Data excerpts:
[Start of Attachment]

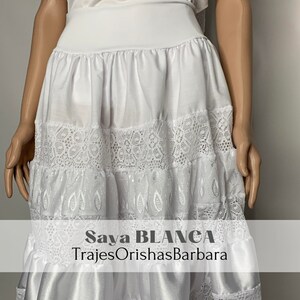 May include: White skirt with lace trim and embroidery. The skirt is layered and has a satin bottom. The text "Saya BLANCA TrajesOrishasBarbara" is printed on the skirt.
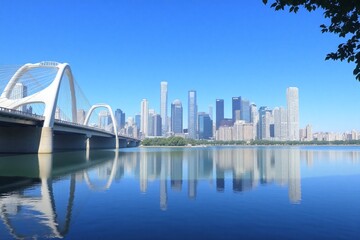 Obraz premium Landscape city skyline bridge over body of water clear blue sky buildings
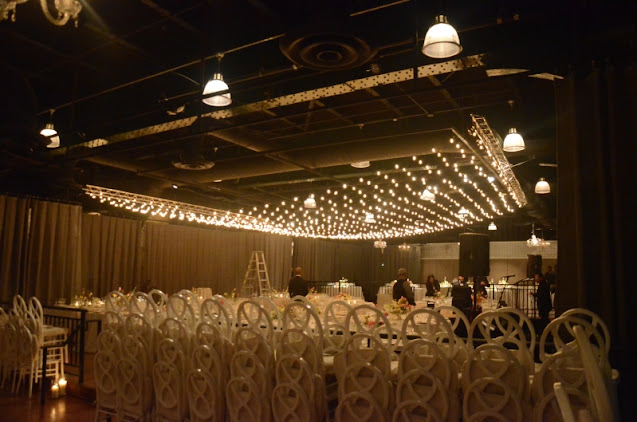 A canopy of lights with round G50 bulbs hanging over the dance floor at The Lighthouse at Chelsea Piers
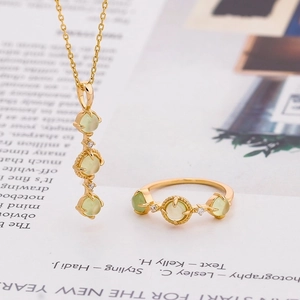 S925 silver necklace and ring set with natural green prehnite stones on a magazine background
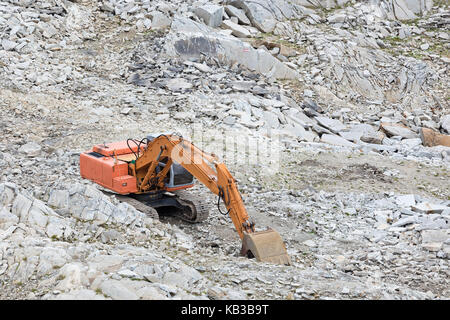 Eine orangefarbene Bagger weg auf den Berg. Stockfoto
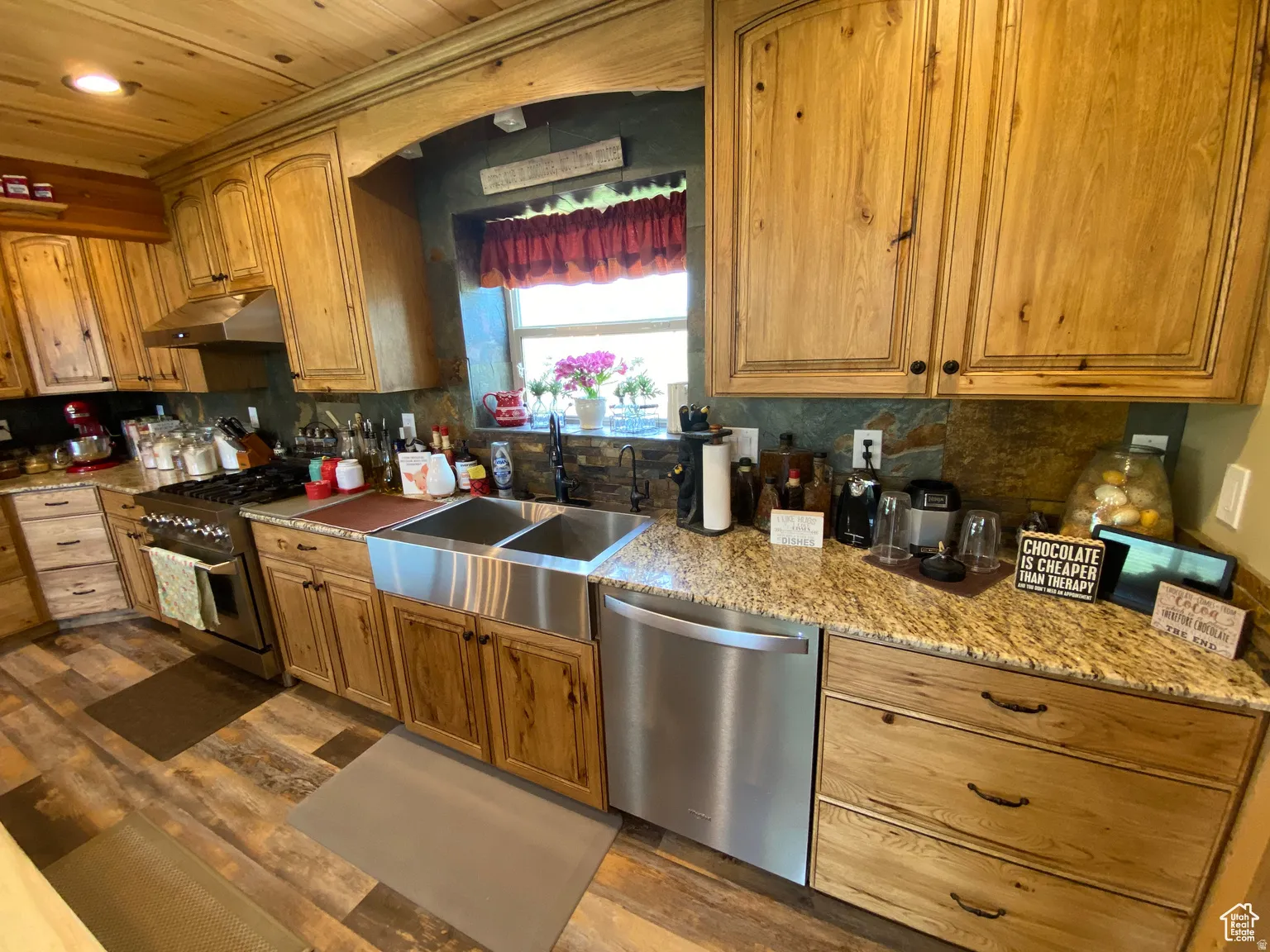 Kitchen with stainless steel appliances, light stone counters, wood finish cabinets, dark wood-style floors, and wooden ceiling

[End of Attachment]

#### TASK:
Pictures stay out of this copy. Retype exactly the lines from the one with "A canopy of" through the last line of the data, both ends included, and nothing more.

#### RESULT OF THIS TASK:
 A canopy of lights with round G50 bulbs hanging over the dance floor at The Lighthouse at Chelsea Piers
 S925 silver necklace and ring set with natural green prehnite stones on a magazine background
 Eine orangefarbene Bagger weg auf den Berg. Stockfoto
 Kitchen with stainless steel appliances, light stone counters, wood finish cabinets, dark wood-style floors, and wooden ceiling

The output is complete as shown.